EXERCISE DETAILS: Please write out the whole listing that follows exactly; the pictures stay out.

SUPPLIED DATA:

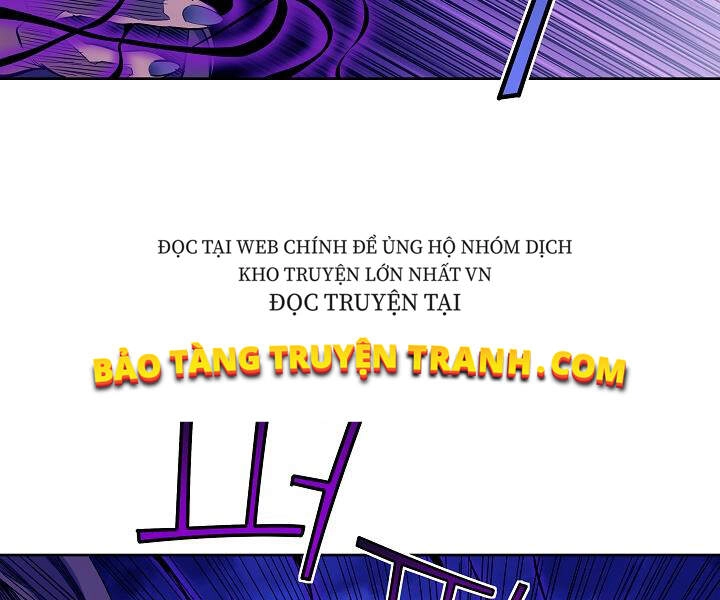 Hoành Tảo Cửu Châu Chapter 15 - 50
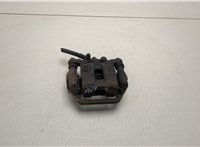  Суппорт Nissan X-Trail (T30) 2001-2006 20450542 #1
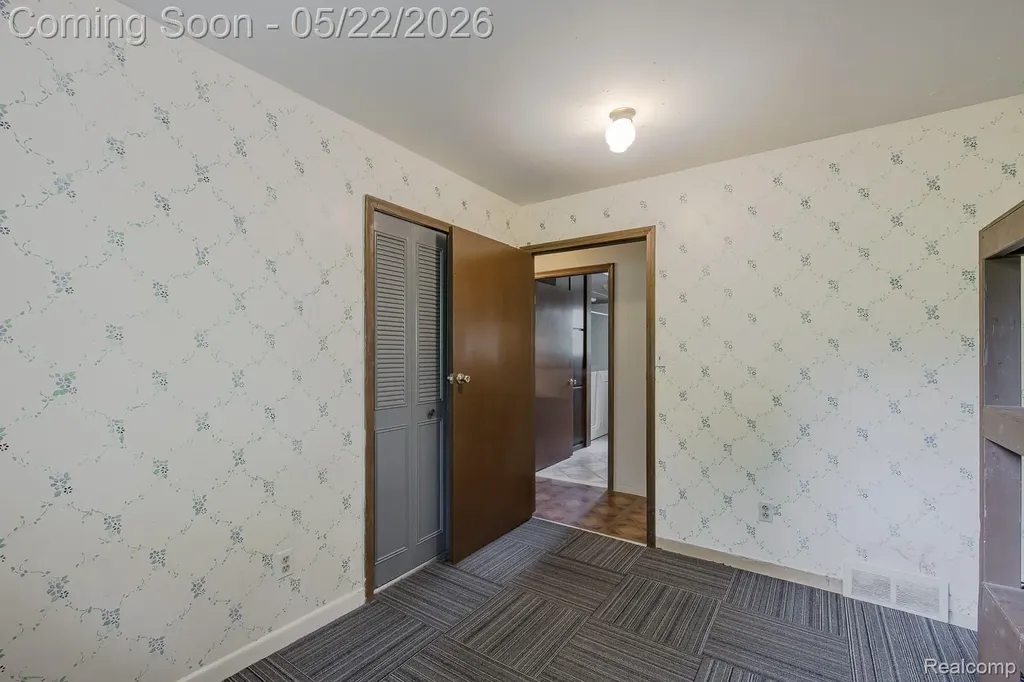 1440 Harding Avenue Orion Charter Township MI 48362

ANSWER SPACE:
 Hoành Tảo Cửu Châu Chapter 15 - 50
  Суппорт Nissan X-Trail (T30) 2001-2006 20450542 #1
 1440 Harding Avenue Orion Charter Township MI 48362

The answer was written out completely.